Monitor Correspondent Wins Pulitzer

DAVID ROHDE of The Christian Science Monitor won the 1996 Pulitzer Prize for international reporting yesterday for his investigation of mass executions in Bosnia.

Mr. Rohde earned his award through skill at a fundamental task of journalism: bearing witness. He was the first Western journalist to visit the sites of suspected mass graves last summer and fall, uncovering grim and convincing evidence that Bosnian Serb forces had executed Muslim prisoners in Europe's worst massacre since the Holocaust.

This Pulitzer Prize is the Monitor's sixth and its first since legendary Washington correspondent Richard L. Strout won a special citation in 1978.

"We are grateful to the Pulitzer Prize Board for recognizing David Rohde's work," says Monitor Editor David Cook. "His reporting was relentless, courageous, and compassionate. It is a worthy addition to the Monitor's 88-year commitment to unselfish, comprehensive, international reporting."

The Pulitzer Prizes are awarded annually by Columbia University for achievement in journalism, letters, drama, and music. This year, the prestigious public service Pulitzer went to the News & Observer of Raleigh, N.C. The spot news reporting category was won by Robert D. McFadden of The New York Times, and Bob Keeler of Newday was awarded the prize for beat reporting.

National reporting went to Alix Freedman of The Wall Street Journal, and the editorial cartoon prize was won by Jim Morin of The Miami Herald.

Staff of the Orange County Register in Santa Ana, Calif., won the investigative category, and Laurie Garrett of Newsday captured the award for explanatory journalism.

The Pulitzer for feature writing went to Rick Bragg of The New York Times, and Robert Semple Jr. of The New York Times won for editorial writing. E.R. Shipp of The New York Daily News won for commentary.

The articles for which Rohde of the Monitor won his international reporting prize all dealt with one of the central tragedies of the bitter Bosnian war: the fall of the UN-protected "safe areas" of Srebrnica last July.

In the aftermath of the town's capture by Bosnian Serb forces, Western reporters began hearing rumors of widespread killings of Muslim men caught in the area. After the US released satellite photos of suspected mass graves, Mr. Rohde - the Monitor's Eastern Europe correspondent since 1994 - decided to probe the reports as thoroughly as he could.

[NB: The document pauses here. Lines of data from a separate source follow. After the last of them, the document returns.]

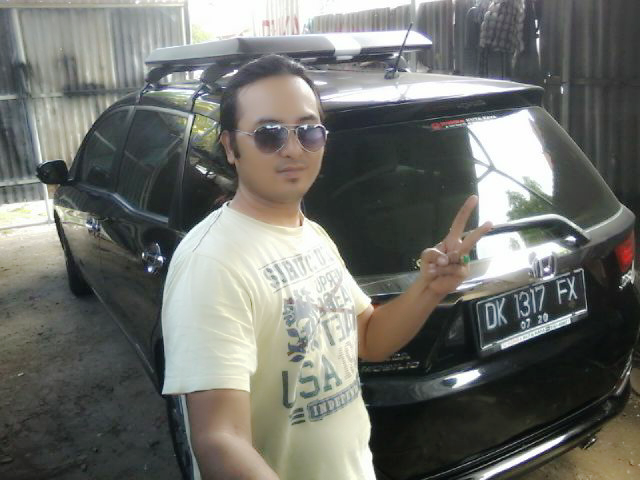 BENGKEL KETOK MAGIC ABADI BLITAR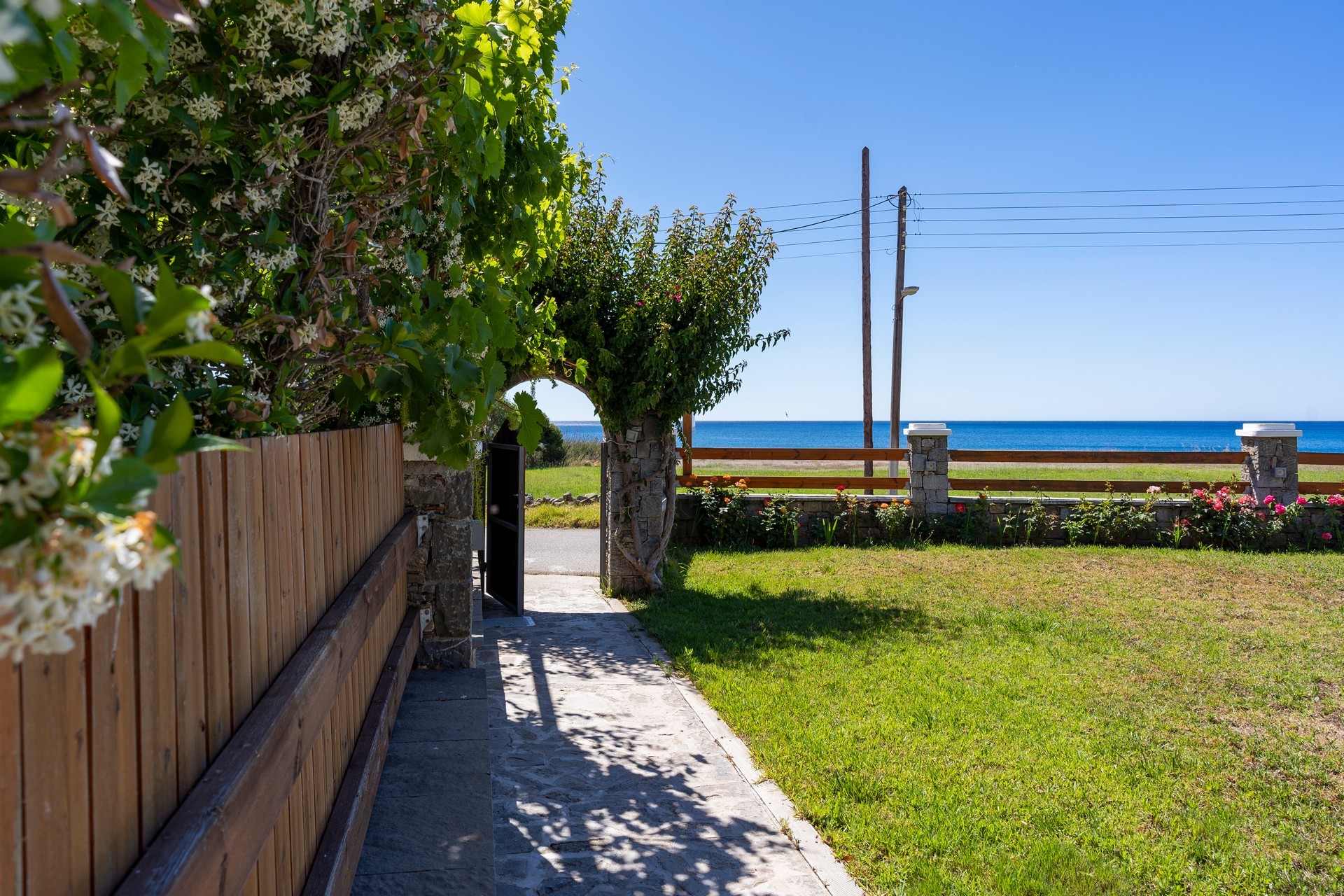 Horizon Line Villas 25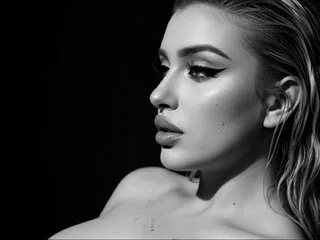 ZaraVega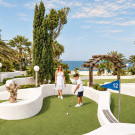 Precise Resort Tenerife 4****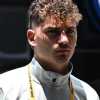 Sky - Sebastiano Esposito, non solo Cagliari: sondaggio esplorativo del Borussia Mönchengladbach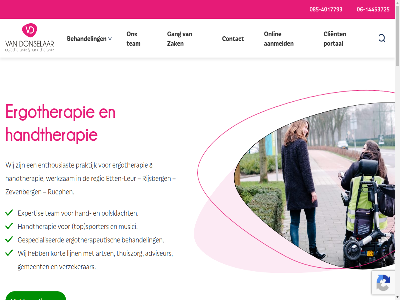 -14453725 -4017793 06 085 2026 aangeslot aanmeld activiteit actuel adviez algemen allerlei anatomie annemiek automatisch behandel bekijk bevall bezig binn blijv by chapeau client contact cookies daadwerk daardor dag dagelijk denk deskund donselar echter elin en/of enthousiast ergotherapeutisch ergotherapie ervaart et etten-leur expertis faq fijn functioner gan gang gebied geeft geholp gespecialiseerd goed hand handchirurg handchirurgie handtherapeut handtherapie hebt helas help hybridd ieder iederen info@ergotherapie-vandonselaar.nl intrek kinder kinderergotherapeut kinderergotherapie klacht klant kunt leest leuk leur luistert mad meedoen meld moeilijker mogelijk motoriek musici nauw netwerk onderstaand onlin ontvang ontwikkel onz ouderdom partner pol polsaandoen polsklacht portal praktijk praktijkregel prat prettig prima privacyverklar professionel proudly regio rijsberg rucph schol social som spel sporter stond team therapeut tip top vaardig vanzelf veren vergoed verloopt verschill vindt volg voorwaard wachtlijst wachttijd war we werkzam wet wij wondgenez zak zegg zelfredzam zelfstand zevenberg ziekt zoal zoek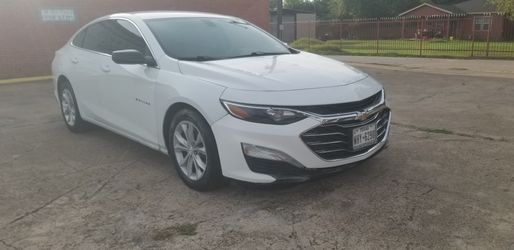 Malibu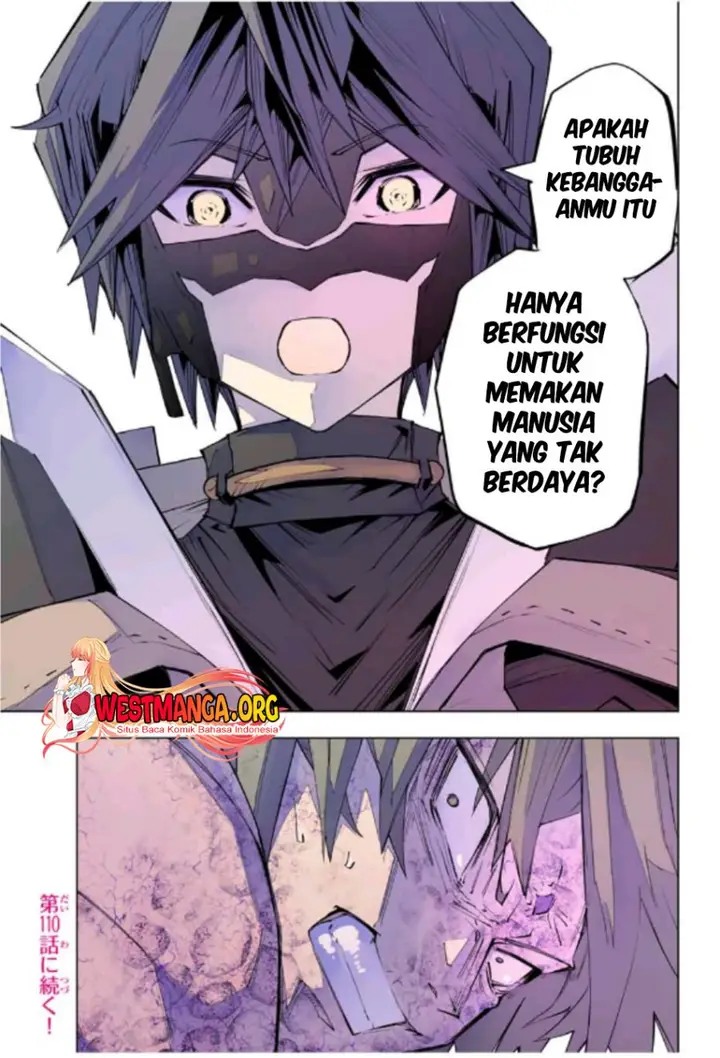 image-komik-my-gift-lvl-9999-unlimited-gacha-chapter-109-27/28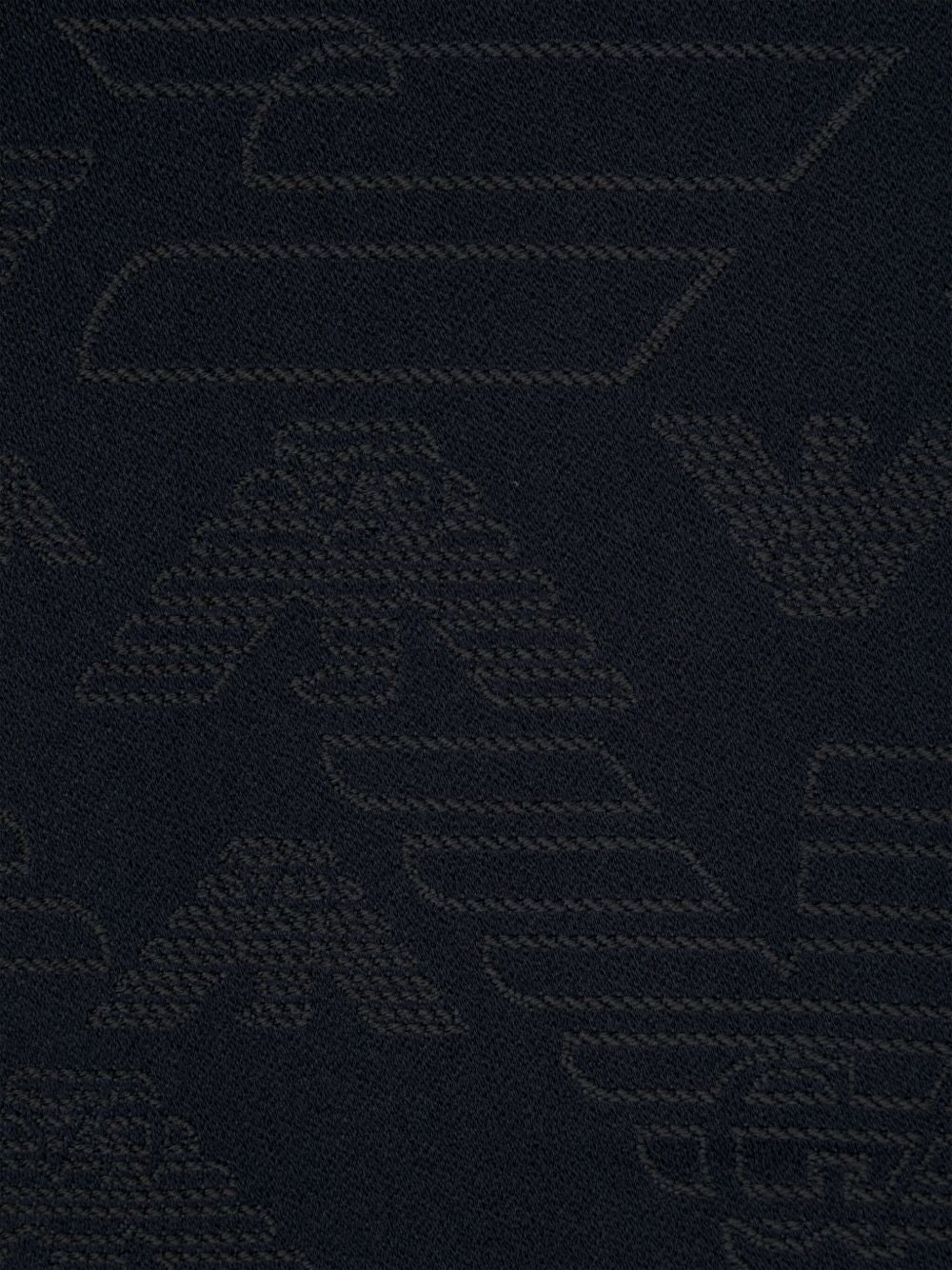Emporio Armani Scarfs
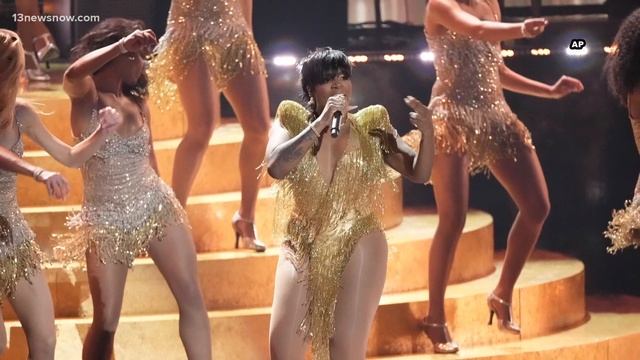 2024 Grammys: Quick recap of winners and highlights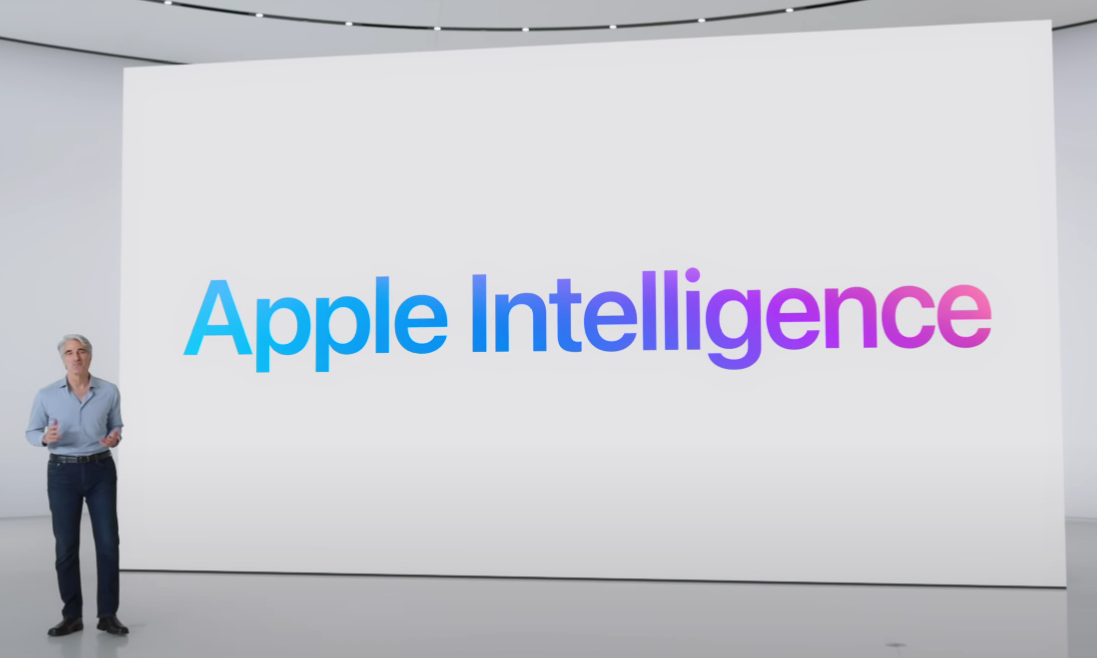 스크린샷 2024-06-11 223747.png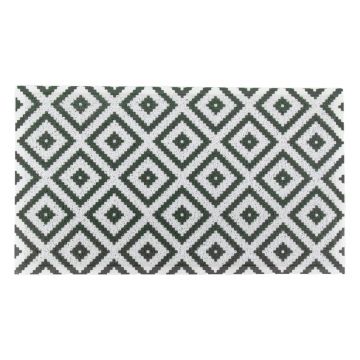 Covoraș de intrare 40x70 cm DIamond – Artsy Doormats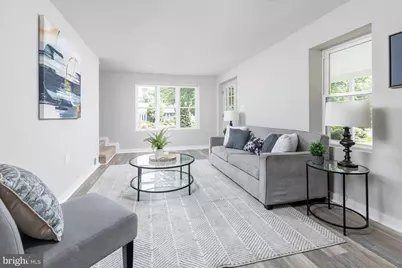 738 Howard Avenue, Wenonah, NJ 08090 - Photo 5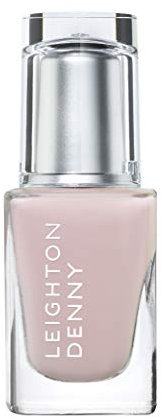 Leighton Denny Back To Nature Collection Foxglove Nail Polish, 12 ml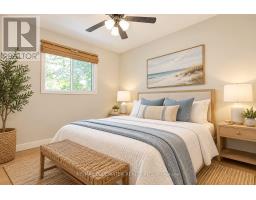 71251 Bluewater Highway, Bluewater, ON N0M1T0 Photo 22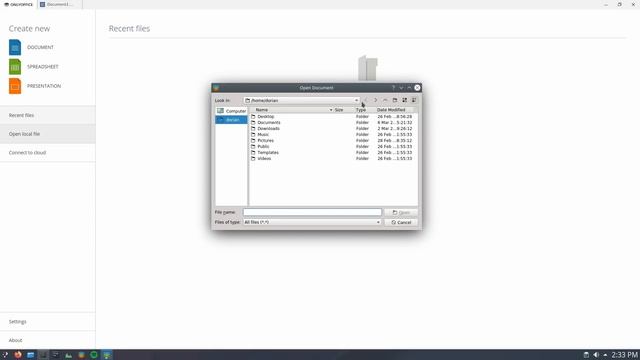 What are Flatpaks? | How to install & permissions смотреть онлайн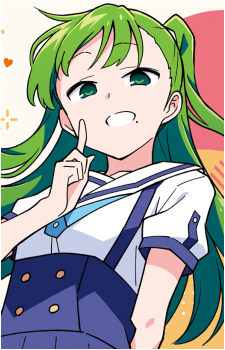Masahi Okazaki's image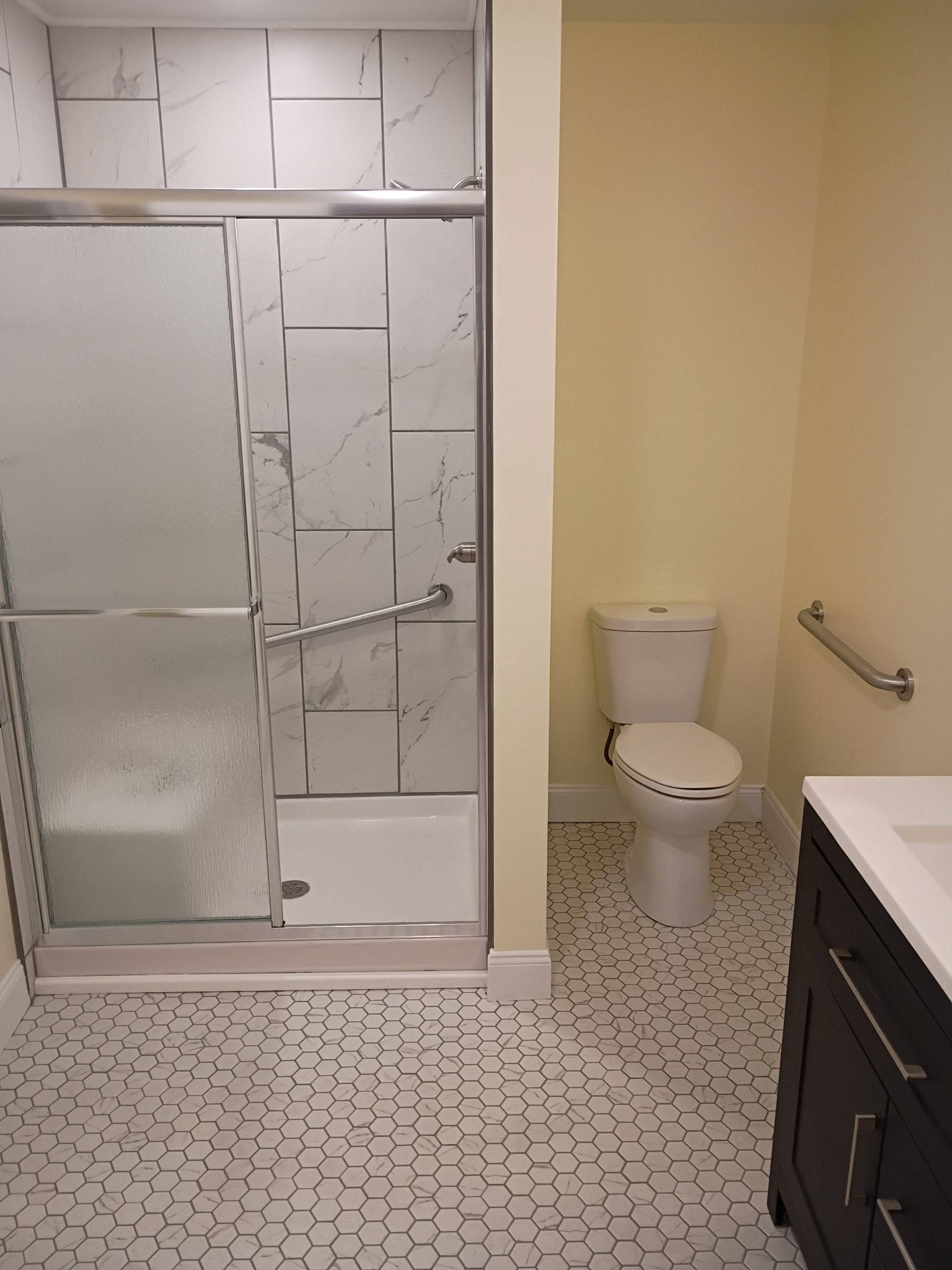  for C&K Builders in Cherry Creek, NY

In August, with the help of a local translator, Rohde talked Bosnian Serb authorities into allowing him to travel freely in territory under their control without the hindrance of an official "minder." Using a faxed copy of the satellite photos, he found the graves and collected the first on-site evidence that mass executions had in fact taken place.

Once back in territory held by the Bosnian government, Rohde spent weeks in Muslim refugee camps, interviewing survivors of Srebrenica to piece together a comprehensive picture of how, when, and where the massacres took place.

His stories were not making him a favorite of the Bosnian Serb rebels. But in October Rohde traveled back into their territory - this time alone.

He made it through four checkpoints. With the help of location data leaked by a Western official source, he found two more grave sites - corroborating the accounts of the survivors he had talked to. Just before he was able to snap a photo of human bones at one of the sites, he was arrested at gunpoint by a Bosnian Serb watchman.

Rohde was held for 10 days by Bosnian Serb authorities and threatened with an espionage charge that carried a penalty of 10 years in prison to death. He was released after an international pressure campaign that involved top US officials, reporters, and nongovernment experts from around the world.

His groundbreaking stories helped stiffen Western resolve in Bosnia and went a long way toward helping discredit and marginalize Bosnian Serb leaders Radovan Karadzic and Gen. Ratko Mladic.

Rohde, on a leave of absence from the Monitor, is working on a book about the Srebrenica massacres. His work continues to provide evidence for the Hague-based War Crimes Tribunal, and to prod the West toward greater recognition of the atrocities that have taken place in the Balkans.

Just last week, Rohde reported in the Monitor that some of the grave sites he had visited earlier now appear to have been tampered with - even though American forces now in the area had been assigned to safeguard them.

Other Monitor Pulitzer Prizes include:

1978 - Special citation to Richard L. Strout for more than 57 years of Washington reporting.

1969 - National reporting award to Robert Cahn for his series "Will Success Spoil the National Parks?"

1968 - National reporting award to Howard James for his series "Crisis in the Courts."

1967 - International reporting award to John Hughes for his coverage of the coup in Indonesia.

1950 - International reporting award to Edmund Stevens for his series "This is Russia - Uncensored."